Whistleblower Attorney

Whistleblowing is an important direction for employers and employees to take. It can help them do the right thing, but it also requires a lot of preparation and can put you at risk for retaliation. If you are considering whistleblowing, consult with an employment law attorney to ensure you are protected from retaliation.

If you suspect something is off in your company or organization, know your rights. You have the right to speak out without fear of losing your job or your reputation. Our Whistleblower Attorneys at Marcarian Law Firm in Thousand Oaks are here to give you a better understanding of your options in your situation.

We are here to support your decision and fiercely advocate for you after any fallout. To learn more, you can contact us for a consultation by clicking here or calling us at 818-995-8787. 

Tuesday, August 30, 2022

How to Build a Workplace Retaliation Case against an Employer


As a worker in the State of California, you have the right to cooperate with investigators who suspect that your employer may have engaged in unsafe or illegal practices. Additionally, you have the right to file reports with government agencies and law enforcement groups if you suspect your employer is violating safety regulations or breaking the law in some capacity.

Some might even argue you have a responsibility to act when you have reason to believe your employer is behaving unethically or illegally. To return to the previous example, if your employer is not taking safety regulations seriously, by filing a report, you could prevent your coworkers from being involved in accidents.

California law protects workers who “blow the whistle” on their employers. Unfortunately, these laws don’t always stop employers from retaliating against whistleblowers.

Contact Whistleblower Attorney Today

To optimize your chances of winning a case, you should strive to gather evidence and document the retaliation you have experienced. Ways you can do so include the following:

Save All Correspondence

If you think you have been the victim of workplace retaliation, save any and all forms of correspondence between yourself, your supervisor, any potential witnesses, and virtually anyone else who might play some role in your case later. 

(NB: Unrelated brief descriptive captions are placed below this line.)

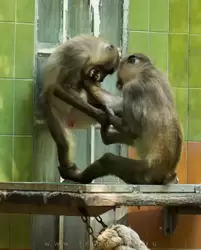 Шимпанзе в зоопарке Барселоны
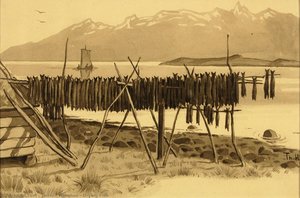 Drying Fish
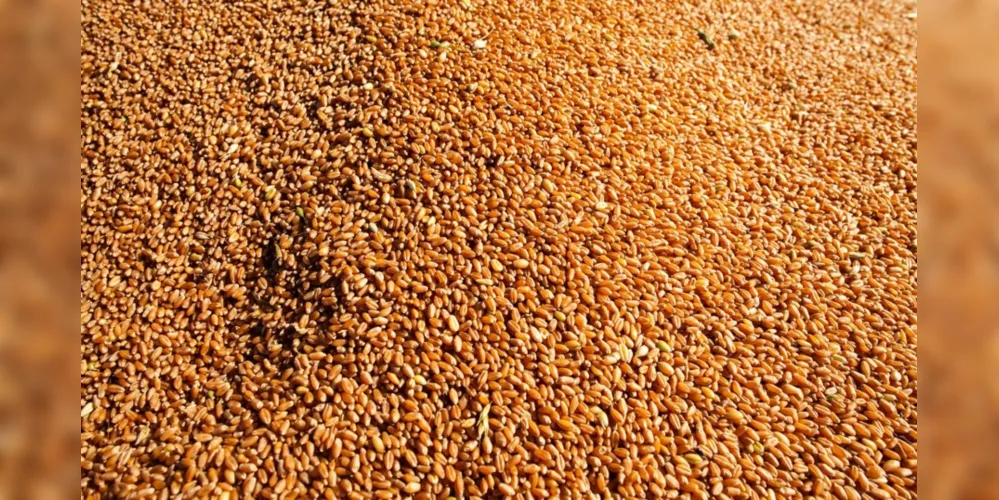 Produção de milho caiu em relação ao ano passado
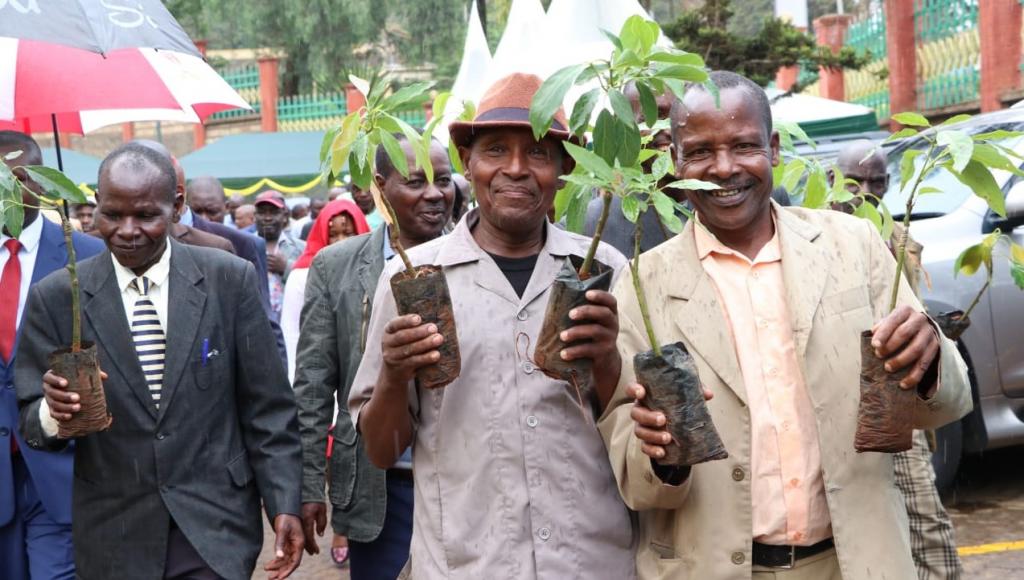 MERU COUNTY GOVERNMENT DISTRIBUTES THE SECOND BATCH OF MACADAMIA AND HASS SEEDLINGS.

Naturally, you want to save any correspondence (such as emails, voicemails, etc.) that indicates you have been retaliated against. However, if you still have them, it’s also wise to save examples of correspondence that suggest your performance at the company has historically been strong and appreciated. 

For example, if you have old emails and copies of performance reviews indicating you were a model employee, but your supervisor suddenly began claiming your performance was poor after you reported a workplace safety violation or another such issue, you could demonstrate a link between being a whistleblower and losing the esteem of your employer.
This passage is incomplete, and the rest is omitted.